De Lille said this year’s Sustainable Infrastructure Development Symposium South Africa (Sidssa) project pipeline focuses on the following areas:
- Potential public-private partnerships (PPPs);
- The green economy;
- Student housing/accommodation;
- Manufacturing and industrialisation;
- Social infrastructure;
- Infrastructure Fund-approved projects;
- Investment into the digital economy.
Head of Infrastructure and Investment in the Presidency Dr Kgosientsho Ramokgopa said 60% of the 55 projects are at an advanced stage of preparation and only 40% at early preparation stage, which means many can be rapidly graduated to support President Cyril Ramaphosa’s Economic Reconstruction and Recovery Plan.

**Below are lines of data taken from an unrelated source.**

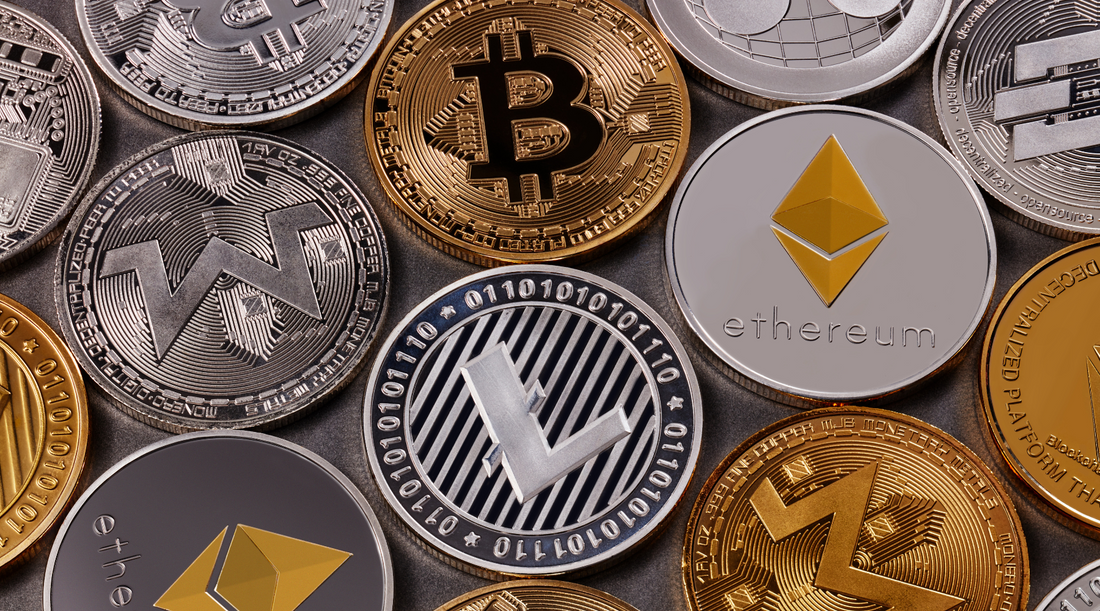 Crypto Payments, Cryptocurrencies, XRP, Ripple, Bitcoin, BTC, Ethereum, ETH, Solana, SOL, Monero, Monaco, Monaco Legacy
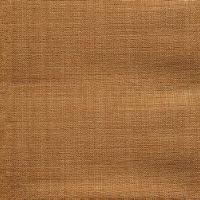 Gardin Lino Dim-out FR 255 Brick 300 cm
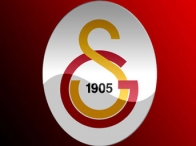 G.Saray'da istifa krizi..!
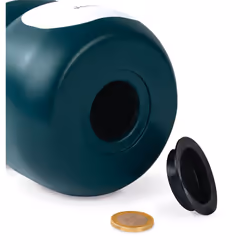 JANOD Penguin Moneybox tirelire 1 pièce(s) - Vue supplémentaire 5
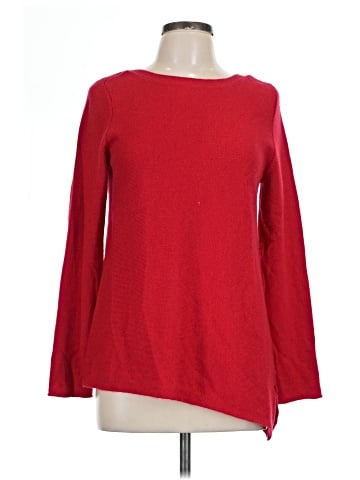 Peck & Peck Pullover Sweater (view 1)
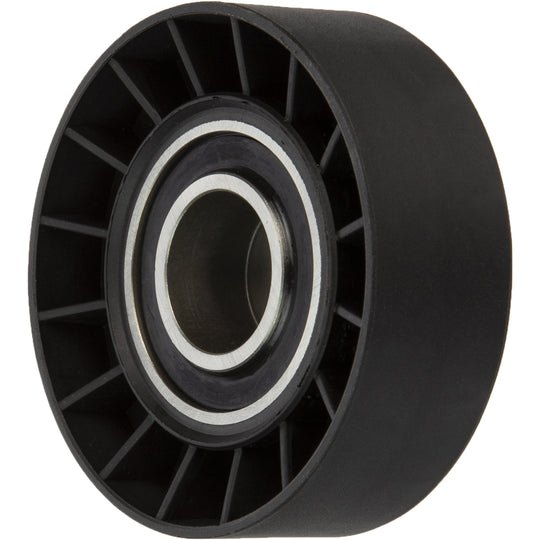 B10153 Accessory Drive Belt Idler Pulley Cloyes Canada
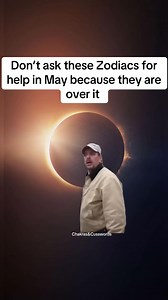 These Zodiacs in May are over it Astrology Dates for May 2025 with a reflection of April’s high energy moments and scandals on Chakras&Cusswords Podcast & YouTube Link in the Bio ....#astrologer #may #fullmoon #newmoon #Brujas #divinefeminine #goddessenergy #piscesmoon #zodiac #zodiacmemes #zodiacpost #zodiacs #astrologyvibes #astrologyforecast #astrologypost | chakras.cusswords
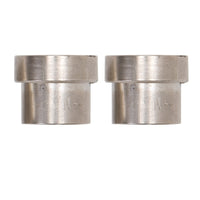 Thumbnail for Photo - Primary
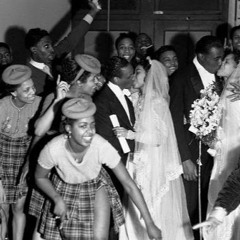 funkyhouse // mix session 3 - djferrii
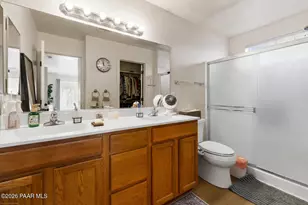 1800 N Emerald Dr, Prescott, AZ 86301 - Photo 17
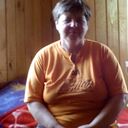 ���������� �����������, ���� ������� �����, 54 ����, ������������ ��� c�������� ���������, ���������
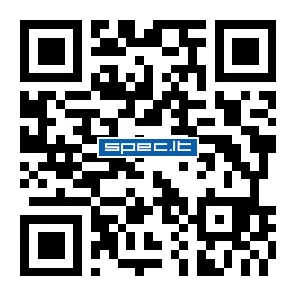 QR kodas | Daza, MB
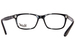 Persol Men's Eyeglasses 3012V 3012/V Full Rim Optical Frame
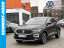 Volkswagen T-Roc 1.0 TSI TSi United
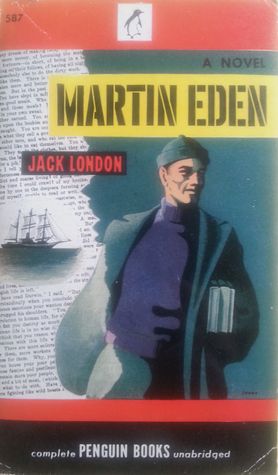 Martin Eden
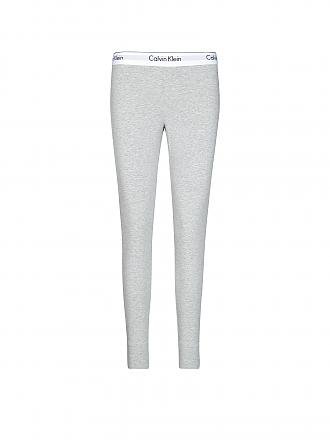 CALVIN KLEIN | Loungewear-Hose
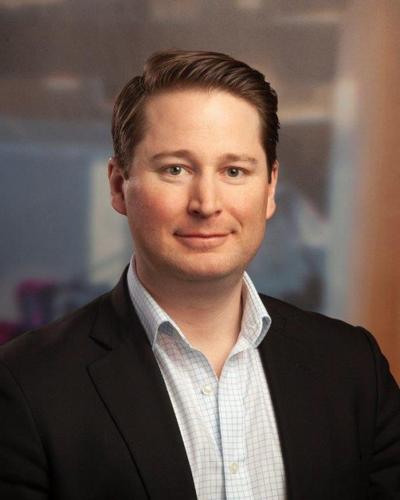 Nicholas Lins, photo 1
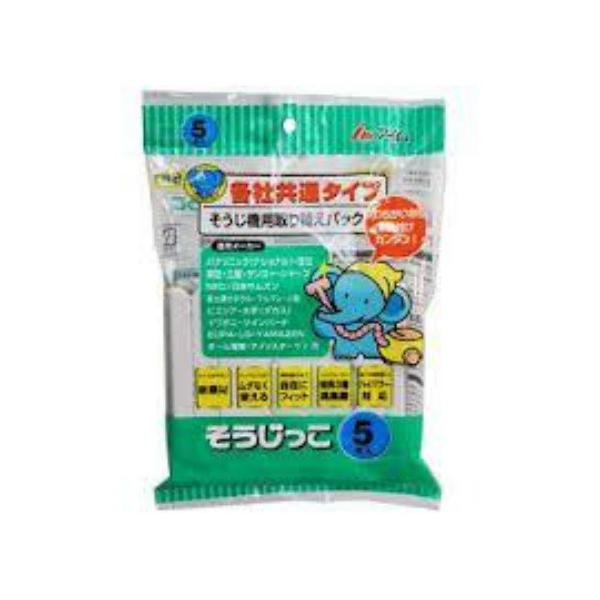 AC @pւpbN eЋʃ^Cv  5i4978406004815j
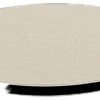 Cadac Pizza Stone Pro 50
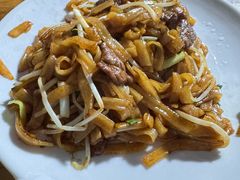 -美食店(华贵路店)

‘Big pool of global liquidity’
Ramokgopa added that if these projects are properly packaged, there is a big pool of global liquidity that can be directed towards supporting some of the infrastructure project programmes that the government is initiating in the second instalment of sustainable infrastructure developments.
He said in addition to improving the quality of projects coming through, they are also attending to some other issues, including bulk infrastructure financing.
“This is undermining the ability of the private sector to participate in this space because if there is no water, if there is an insufficient supply of electricity, if the road network is not sufficient or the capacity is not improved, the private sector is unlikely to move,” he said.
The government in July 2020 unveiled 50 strategic integrated projects (SIPs) and 12 special projects involving an investment of R340 billion that were supposedly “shovel ready” and would commence within three months as part of Ramaphosa’s infrastructure investment drive to stimulate the economy.
He added that government recognises that the current policy and legal framework for public infrastructure is fragmented and not really workable, with many overlapping institutional roles and poor accountability.
He said Infrastructure SA will in the coming year be proposing amendments to the Infrastructure Development Act, including new regulations, and amendments to other legislation, including the existing PPP regulations.
Ramaphosa said the regulatory framework intends to clarify roles and responsibilities among all relevant organs of state in the preparation, approval, procurement and delivery of large infrastructure projects and programmes, whether they are designed as PPPs or for direct fiscal expenditure.
SA Forum of Civil Engineering Contractors (Safcec) CEO Webster Mfebe said if there is funding that is committed for the 55 new projects to be implemented, “that is very much welcome” because contractors are struggling.
However, he said these projects might not be new projects but projects that previously started and stalled.
“Private sector projects create new jobs. If the government thinks the economy will be built on the back only of public sector projects, they are making a mistake because government needs to find money to pay for them,” he said.
Mfebe said a conducive environment must be created for private sector projects to get off the ground.
He said if the construction industry has to rely on the fiscus, it means it has to rely on a tender system that has corruption problems because “everybody is vying for the limited opportunities that are created by public sector spending on infrastructure”.